Meanwhile, Free Food for Millionaires has lines like this:
She suddenly hated him for being an American and herself for feeling so foreign when she was with him. She hated his ideals of rugged individualism, self-determination--this vain idea that life was what you made of it--as if it were some sort of paint-by-numbers kit. Only the most selfish person on earth could live that way.I love it. I can see how this interpretation of things could confound or irritate some readers, but that's the point. The typical U.S. mindset is held up against the values of another culture, and all of a sudden we're seeing ourselves as others see us.
But this novel is no mere critique of America:
Casey was selfish, she knew that, but she had no wish to hurt anyone. If her rotten choices hurt her, well then, she'd be willing to take that wager, but it was hard to think of letting her parents down again and again. But her choices were always hurting her parents, or so they said. Yet Casey was an American, too--she had a strong desire to be happy and to have love, and she'd never considered such wishes to be Korean ones.There's a deceptive simplicity to all this due to its apparent clarity.

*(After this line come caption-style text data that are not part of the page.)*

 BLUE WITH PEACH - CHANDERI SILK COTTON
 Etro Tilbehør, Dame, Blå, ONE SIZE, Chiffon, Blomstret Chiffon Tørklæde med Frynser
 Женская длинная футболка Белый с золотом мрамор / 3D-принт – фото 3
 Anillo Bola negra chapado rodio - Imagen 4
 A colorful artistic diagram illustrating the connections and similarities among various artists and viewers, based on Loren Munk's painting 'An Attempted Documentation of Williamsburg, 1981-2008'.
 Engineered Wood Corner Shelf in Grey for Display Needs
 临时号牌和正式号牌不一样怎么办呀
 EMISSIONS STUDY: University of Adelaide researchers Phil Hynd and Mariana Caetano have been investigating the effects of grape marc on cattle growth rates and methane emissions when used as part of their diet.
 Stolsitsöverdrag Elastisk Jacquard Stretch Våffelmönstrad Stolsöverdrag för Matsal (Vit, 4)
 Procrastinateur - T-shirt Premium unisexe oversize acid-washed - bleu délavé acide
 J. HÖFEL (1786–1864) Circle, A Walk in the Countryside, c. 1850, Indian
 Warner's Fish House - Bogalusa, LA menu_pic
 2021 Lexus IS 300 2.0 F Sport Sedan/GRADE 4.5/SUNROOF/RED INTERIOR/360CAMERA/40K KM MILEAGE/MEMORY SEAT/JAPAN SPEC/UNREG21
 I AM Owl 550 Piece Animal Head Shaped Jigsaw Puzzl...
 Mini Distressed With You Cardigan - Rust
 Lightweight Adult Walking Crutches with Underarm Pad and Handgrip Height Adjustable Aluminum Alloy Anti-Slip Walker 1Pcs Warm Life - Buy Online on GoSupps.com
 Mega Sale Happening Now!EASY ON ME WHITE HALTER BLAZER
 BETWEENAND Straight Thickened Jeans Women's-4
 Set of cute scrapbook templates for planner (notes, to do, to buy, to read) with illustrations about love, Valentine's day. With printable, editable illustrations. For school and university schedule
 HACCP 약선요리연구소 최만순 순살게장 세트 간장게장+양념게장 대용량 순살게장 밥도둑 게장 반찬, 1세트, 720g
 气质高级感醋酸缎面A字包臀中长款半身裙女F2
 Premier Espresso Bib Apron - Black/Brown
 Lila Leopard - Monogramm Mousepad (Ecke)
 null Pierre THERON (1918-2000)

But Min Jin Lee is unrelentingly fair to her characters, letting us into their heads and seeing situations as they do. The internal conflict this creates in the reader provides a small glimpse of what may perpetually rattle around inside a U.S.-raised child of immigrants, while exposing the danger of seeing both sides of an issue to such an extent that they cancel each other out, leaving a nondescript neutrality that can cripple one's own identity, even as it's attempting to come into being.
So I will eventually finish Roberts' heartfelt book and Pynchon's sprawling masterpiece (currently on p. 351 with Dally in New York). But for now, I am fascinated and strangely comforted by Lee's portrayal of the paradoxes and complexities that inhabit a young woman who embodies two cultures.